Shortly after Davis’s death, Polk County Police Chief Kenny Dodd told Fox 5 that the police department had been flooded with outraged messages, emails and phone calls from people — including some from Britain — demanding that the video be taken down. Dodd told Fox 5 that he has contacted several websites that posted the footage but that there’s not much else he can do to keep it from spreading further.
“We want it down as much as anyone, for the family, and it maybe harmful to other kids. We contacted some of the sites. They asked if they had to take it down, and by law they don’t. But it’s just the common decent thing to do in my opinion,” Dodd told Fox 5.
In a statement Monday, the police department asked anyone who has knowledge of the video to keep it “off of the Internet.”
6. Frederick Jay Bowdy Suicide On Facebook Live Leaves The Family In Dire Straits
![]() |
Getty Images |
Facebook Live is gaining notoriety lately due to the increasing number of suicide cases on its platform. By and large, the victims are taking to an outrageous practice of live streaming their death. 14-year-old Nakia Venant, 12-year-old Katelyn Nicole Davis and now, 33-year-old Frederick Jay Bowdy. Only in his case, he leaves a wife and six children’s future hanging in the balance.
Frederick had a bachelor’s degree and a master’s degree from universities of West Georgia and Texas. Also, he worked as a teacher and a basketball coach, reports. However, he was invested in an acting career that took him from his hometown of Fort Worth to California. Not to mention, he appeared in a movie last year.
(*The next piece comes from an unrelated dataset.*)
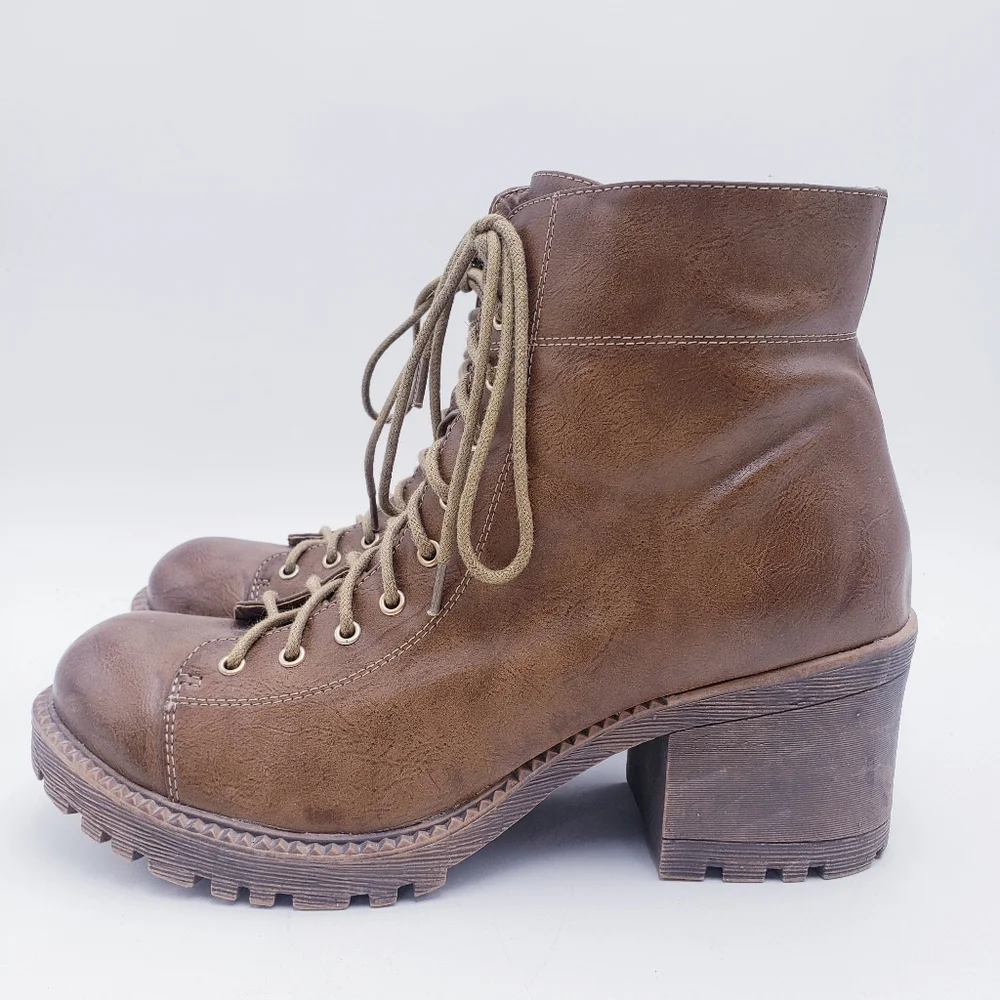 Vintage 90s Y2K Platform Lace Up Boots Chunky Brown Faux Leather Women's Size 10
Besides, he was filming a sports drama, reports Mail Online. Last week, Frederick was a subject of an arrest pertaining to a sexual assault case. Subsequently, his bail was set to 100,000 Dollars for release. A drastic turn of events saw him take his own life, in the wake of his release. He streamed the build-up and the subsequent gun shot to the head through Facebook Live.
Even though, a person who saw the stream alerted the Police, it was too little too late. An account of the event from a Facebook user paints a disturbing picture, of course. Frederick Jay Bowdy was apparently in severe distress, there was tears and pain, the user recollects. His wife Whitney and his children are in deep shock and devastated, needless to say.
THE FAMILY
Jay was also working as a stripper in a Hollywood club with an alias, Houston. Case in point, he might have had financial shortcomings too. In the wake of his suicide, Whitney is looking at a bleak future. In that regard, a gofundme page is up and running for any aid to her and her children.
His involvement in the sexual assault case is open to debate, but the end result won’t change. He took a drastic step, ending his dreams short and putting his family on the line. One can argue that he couldn’t get in terms with his new-found predicament, or may be not. Whatever it is, Jay had his reasons. A reason good enough to put his family’s interests at stake. A disaster, indeed.
7. Hong Kong model live streams suicide attempt on Facebook
![]() |
Getty Images |
An incoherent and distraught-looking Ng Shuk Yi, 28, talked about her personal problems for nearly an hour before climbing over the railing at a warehouse waterfront in Kowloon and jumped into the water, reported Apple Daily.
Well-known as YoYo, Ng is a freelance model with HKBC Media and has a Facebook following of nearly 9,500.
Despite persuasion from some Facebook users, who were still awake in the wee hours of the morning, Ng persisted in taking her own life because she was facing hard times and "hated herself".
Thankfully, the police, a civil defence team and a colleague rushed to the scene on time. She survived the suicide attempt after she was pulled out of the water by firefighters.